The judge says Halcovage’s conduct is “particularly problematic” in this matter. He revealed how the Commissioner tried arguing that his conduct was above board as it related to the gag order.
“Halcovage seemingly suggested that his conduct was entirely appropriate because: “I did not talk deposition testimony. I talked to him about –that – was there a concern when he was there that I had used things for personal use in my insurance business,” Carlson writes, attributing the quote the Halcovage.
Carlson writes that Halcovage had been warned against similar behavior during the course of this litigation. And the judge says he can “categorically reject” Halcovage’s argument trying to justify his conversation.
“This prior order should have put Halcovage on notice of his obligation to avoid any appearance of impropriety,” he says. “Yet despite this admonition, we find ourselves presented with admitted conduct by this party that, at best, can be seen as an evasive attempt to skirt the confidentiality order approved by his counsel and adopted by this court.
“Halcovage’s claimed distinction between disclosing the contents of a deposition and further revealing the fact that the information came from a deposition is metaphysical, meaningless, and approaches mendacity. It strains credulity to believe that an individual of Halcovage’s intelligence and sophistication would not have recognized the highly problematic nature of this conduct,” Carlson writes.

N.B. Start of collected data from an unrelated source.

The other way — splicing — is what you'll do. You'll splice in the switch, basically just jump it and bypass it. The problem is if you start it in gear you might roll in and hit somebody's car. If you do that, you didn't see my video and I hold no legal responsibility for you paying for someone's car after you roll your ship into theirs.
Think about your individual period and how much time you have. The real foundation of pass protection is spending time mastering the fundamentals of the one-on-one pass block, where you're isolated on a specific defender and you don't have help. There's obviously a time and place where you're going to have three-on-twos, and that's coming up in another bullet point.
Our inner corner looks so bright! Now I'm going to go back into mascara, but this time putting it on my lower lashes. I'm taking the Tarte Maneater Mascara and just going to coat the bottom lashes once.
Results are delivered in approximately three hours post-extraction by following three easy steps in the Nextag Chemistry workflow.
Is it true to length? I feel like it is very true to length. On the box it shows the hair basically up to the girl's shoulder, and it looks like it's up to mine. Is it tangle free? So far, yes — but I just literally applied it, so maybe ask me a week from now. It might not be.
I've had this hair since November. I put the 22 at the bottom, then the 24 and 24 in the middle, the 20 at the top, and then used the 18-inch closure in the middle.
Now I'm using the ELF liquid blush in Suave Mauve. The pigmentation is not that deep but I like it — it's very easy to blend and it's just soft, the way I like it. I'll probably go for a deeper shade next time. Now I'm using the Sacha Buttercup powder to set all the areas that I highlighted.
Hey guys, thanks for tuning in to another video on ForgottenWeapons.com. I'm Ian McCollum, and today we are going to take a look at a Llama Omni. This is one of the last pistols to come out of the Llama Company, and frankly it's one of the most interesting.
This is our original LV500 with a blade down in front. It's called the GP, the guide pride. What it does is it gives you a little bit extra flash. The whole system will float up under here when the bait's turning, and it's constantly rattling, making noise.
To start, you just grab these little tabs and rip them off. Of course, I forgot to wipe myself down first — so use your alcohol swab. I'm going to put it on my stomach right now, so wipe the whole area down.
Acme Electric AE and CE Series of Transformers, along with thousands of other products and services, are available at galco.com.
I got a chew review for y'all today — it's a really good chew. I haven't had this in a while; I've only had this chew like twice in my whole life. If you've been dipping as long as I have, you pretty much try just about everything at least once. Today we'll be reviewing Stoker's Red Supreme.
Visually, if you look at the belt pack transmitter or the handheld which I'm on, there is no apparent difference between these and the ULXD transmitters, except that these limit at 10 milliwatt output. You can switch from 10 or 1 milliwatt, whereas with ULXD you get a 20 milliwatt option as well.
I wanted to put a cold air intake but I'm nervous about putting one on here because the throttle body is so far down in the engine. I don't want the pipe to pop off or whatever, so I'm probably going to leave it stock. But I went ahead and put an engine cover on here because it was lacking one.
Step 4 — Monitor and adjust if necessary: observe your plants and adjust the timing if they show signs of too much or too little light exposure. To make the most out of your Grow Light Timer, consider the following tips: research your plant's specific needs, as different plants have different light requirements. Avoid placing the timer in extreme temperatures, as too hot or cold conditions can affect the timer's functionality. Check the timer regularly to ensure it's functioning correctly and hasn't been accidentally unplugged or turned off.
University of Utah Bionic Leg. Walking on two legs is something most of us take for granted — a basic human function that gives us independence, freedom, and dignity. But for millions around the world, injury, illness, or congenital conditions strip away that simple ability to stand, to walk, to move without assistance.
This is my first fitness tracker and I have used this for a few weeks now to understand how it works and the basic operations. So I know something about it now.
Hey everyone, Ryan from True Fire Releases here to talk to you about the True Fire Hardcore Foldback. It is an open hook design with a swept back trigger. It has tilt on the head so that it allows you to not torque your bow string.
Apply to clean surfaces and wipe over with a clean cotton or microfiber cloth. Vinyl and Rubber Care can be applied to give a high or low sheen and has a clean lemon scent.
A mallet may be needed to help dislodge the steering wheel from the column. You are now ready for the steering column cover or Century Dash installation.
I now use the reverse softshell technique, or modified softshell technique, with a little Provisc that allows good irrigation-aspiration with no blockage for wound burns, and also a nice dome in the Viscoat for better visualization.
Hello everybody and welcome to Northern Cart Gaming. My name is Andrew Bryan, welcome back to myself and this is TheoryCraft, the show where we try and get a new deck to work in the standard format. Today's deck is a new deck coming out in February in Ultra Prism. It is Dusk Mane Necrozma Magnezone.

The result of this chastising from Carlson is a narrow sanction against Halcovage. He has ordered the Commissioner to “read, review, and gain a thorough understanding” of the rules ordered in this case. Carlson also warns Halcovage about speaking out about any parts of this case that could be construed as confidential.
To get that understanding on the record, as it were, Carlson ordered Halcovage to sign and file an Attestation by April 17 indicating he’s aware of the rules of the case and will follow them.
The case record shows Halcovage has already filed that Attestation.